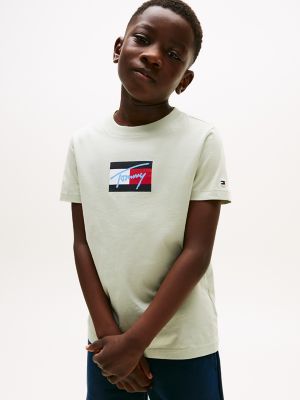 Kids' Script Flag Logo T-Shirt, Misty Sage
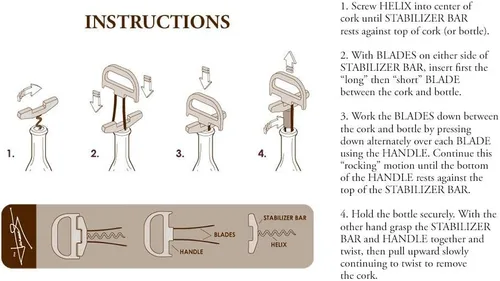 Miniatura 6 de El dispositivo de dos partes de The Durand® para eliminar con éxito los corchos de vino más antiguos y frágiles, enteros e intactos. Elimina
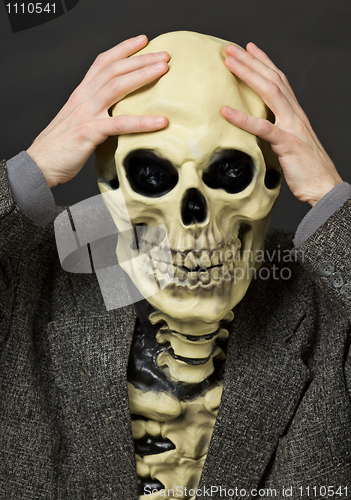 Image of Amusing scared person in mask - skull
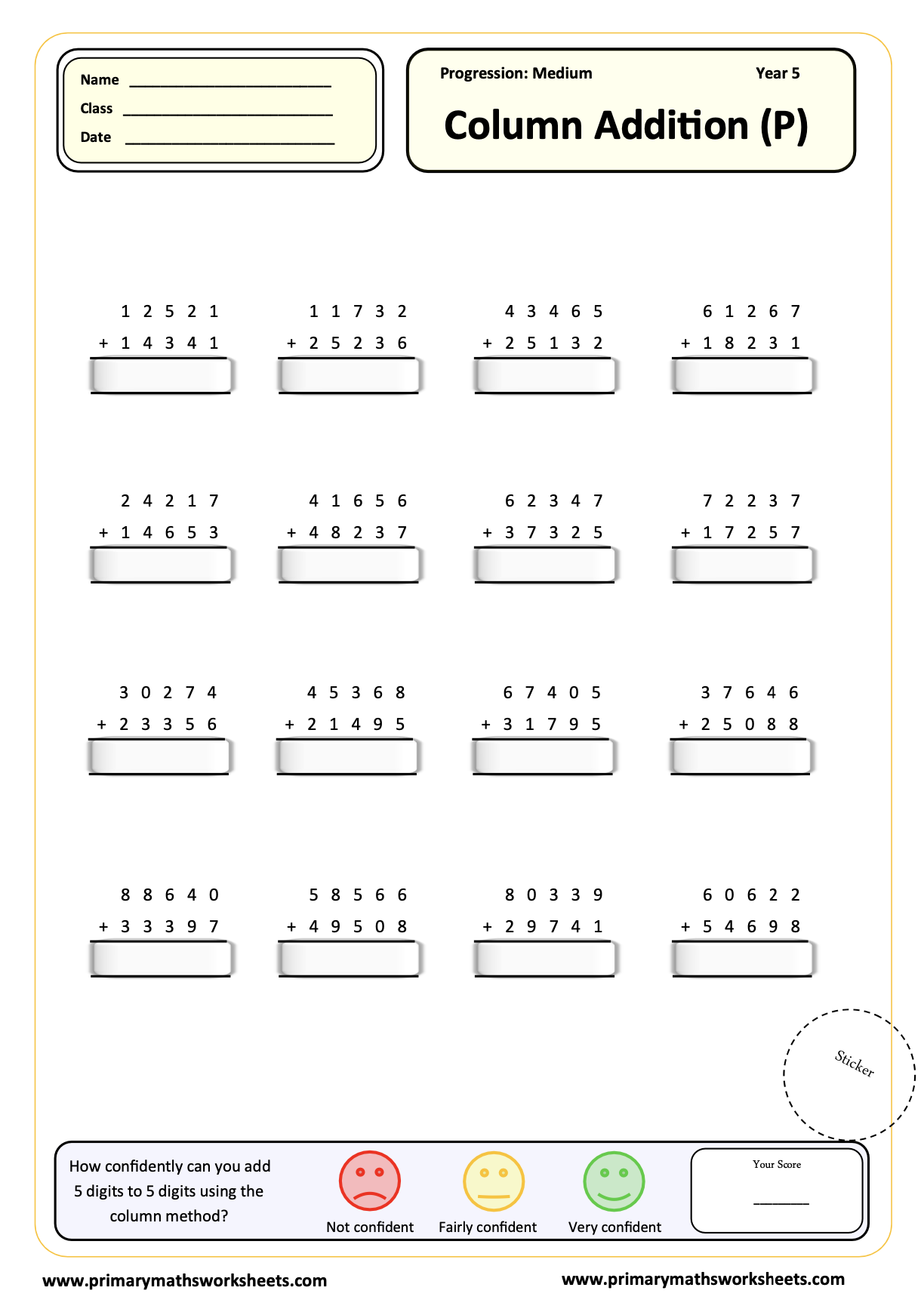 Year 5 Addition Worksheets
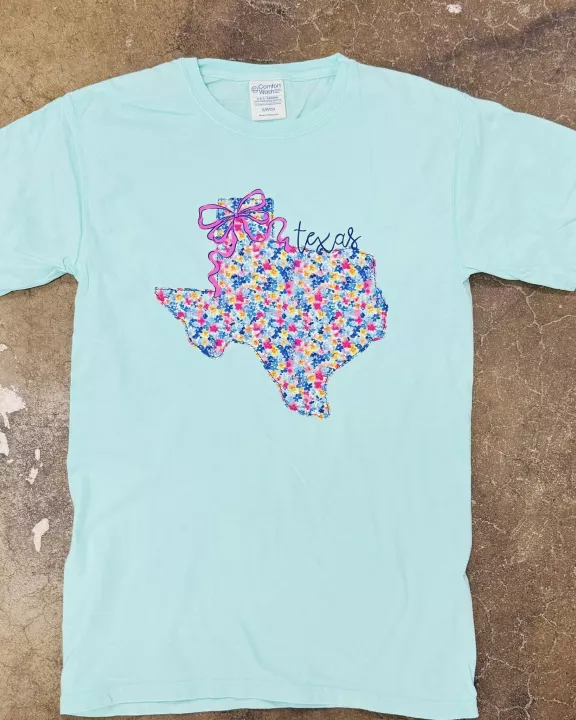 Preppy Floral Texas | Mint | Short Sleeve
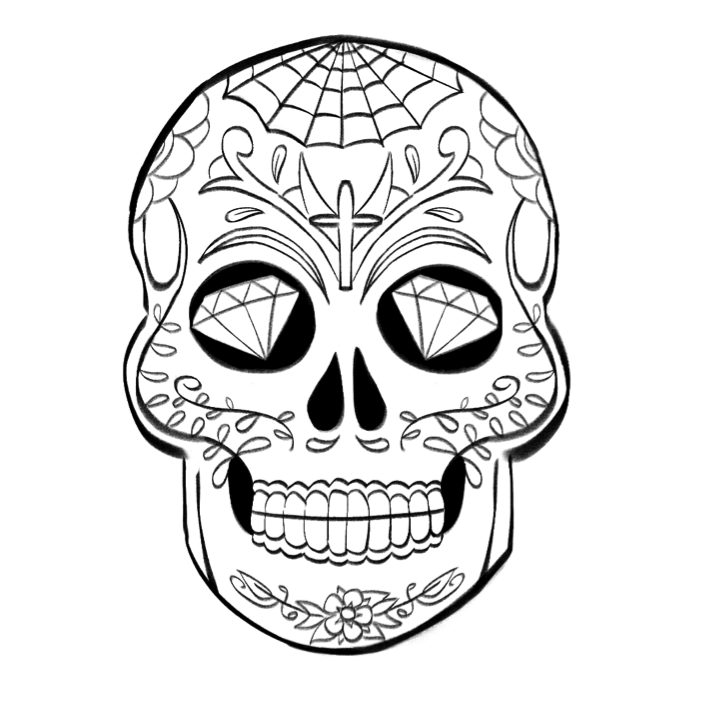 dessiner les ornements du deuxième crâne mexicain 5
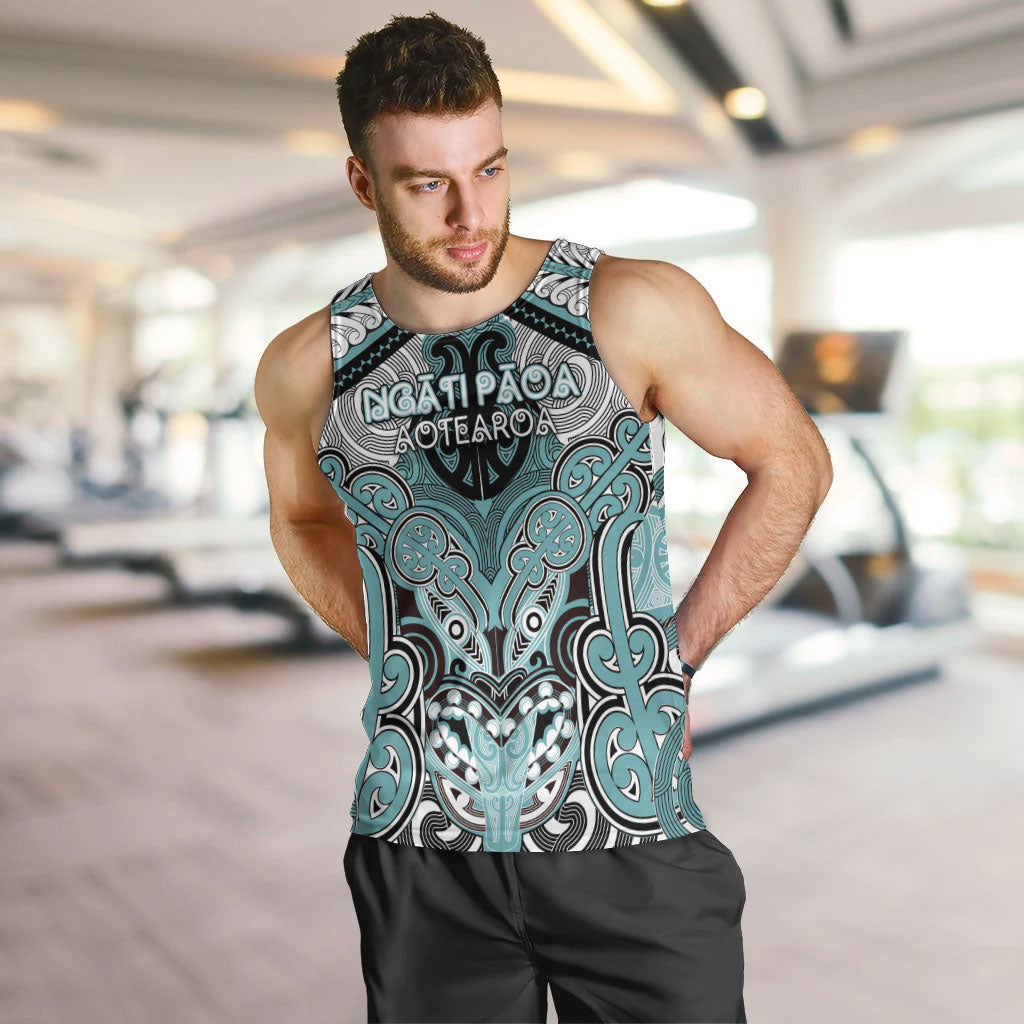 Aotearoa Iwi Ngati Paoa Personalised Men Tank Top Maori Kowhaiwhai Pattern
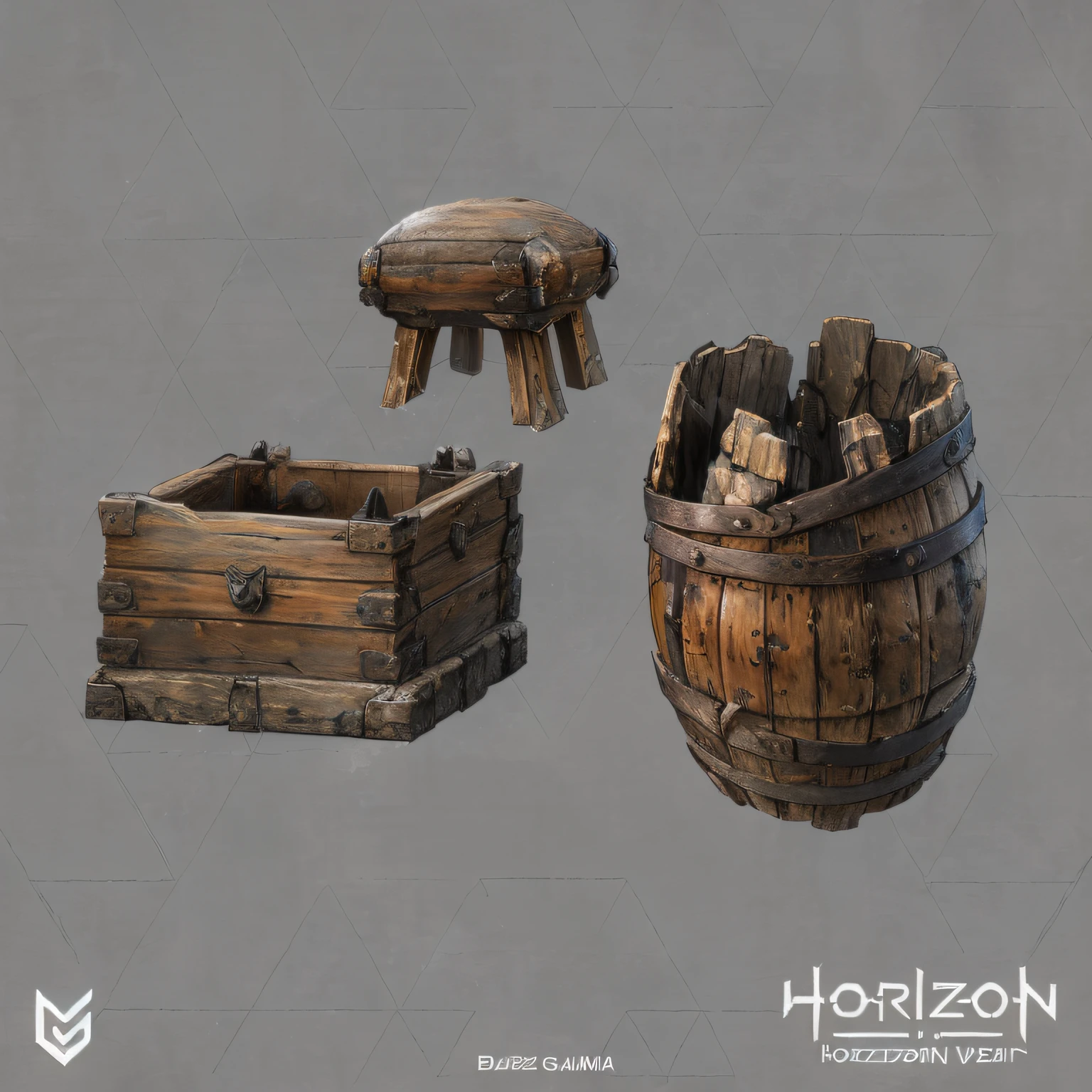 Close-up of wooden barrels and wooden benches, Horizon Forbidinsi, game assets, object concept art, game assets, video game assets, video game assets, seperated game asset, video game assets, rpg game environment asset, ultra detailed concept art, Wooden boxes and barrels, 3d game object, Hosson, Highly detailed object content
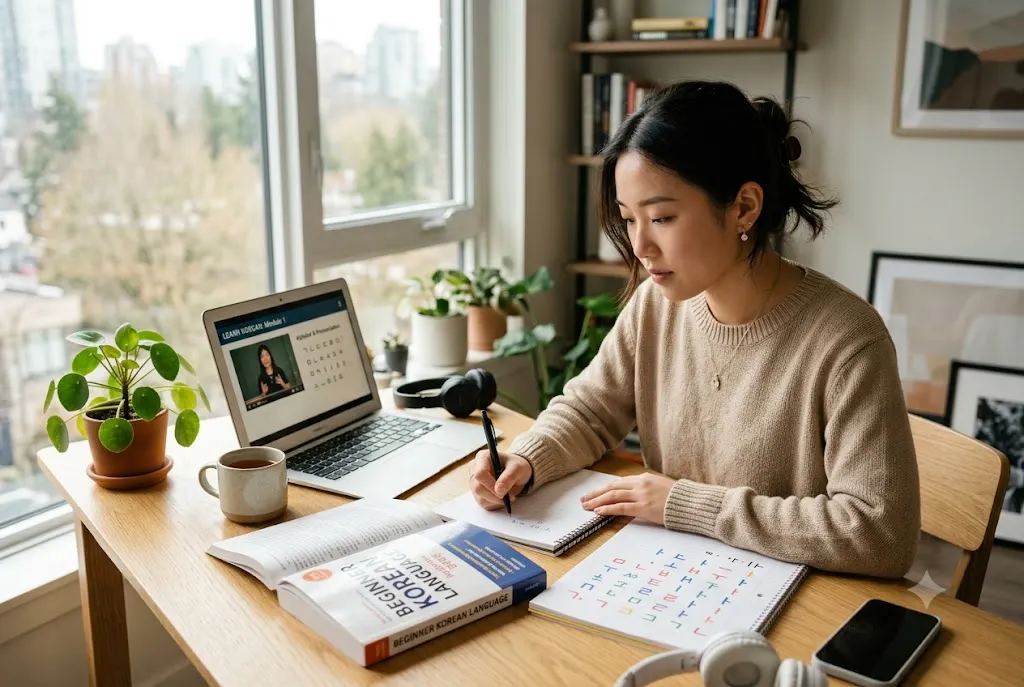 Student following proven methods on how to learn korean language quickly using structured lessons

§ TASK TO CARRY OUT
Repeat the data verbatim, excluding all pictures.

§ OUTPUT FOR THIS EXERCISE
 Kids' Script Flag Logo T-Shirt, Misty Sage
 Miniatura 6 de El dispositivo de dos partes de The Durand® para eliminar con éxito los corchos de vino más antiguos y frágiles, enteros e intactos. Elimina
 Image of Amusing scared person in mask - skull
 Year 5 Addition Worksheets
 Preppy Floral Texas | Mint | Short Sleeve
 dessiner les ornements du deuxième crâne mexicain 5
 Aotearoa Iwi Ngati Paoa Personalised Men Tank Top Maori Kowhaiwhai Pattern
 Close-up of wooden barrels and wooden benches, Horizon Forbidinsi, game assets, object concept art, game assets, video game assets, video game assets, seperated game asset, video game assets, rpg game environment asset, ultra detailed concept art, Wooden boxes and barrels, 3d game object, Hosson, Highly detailed object content
 Student following proven methods on how to learn korean language quickly using structured lessons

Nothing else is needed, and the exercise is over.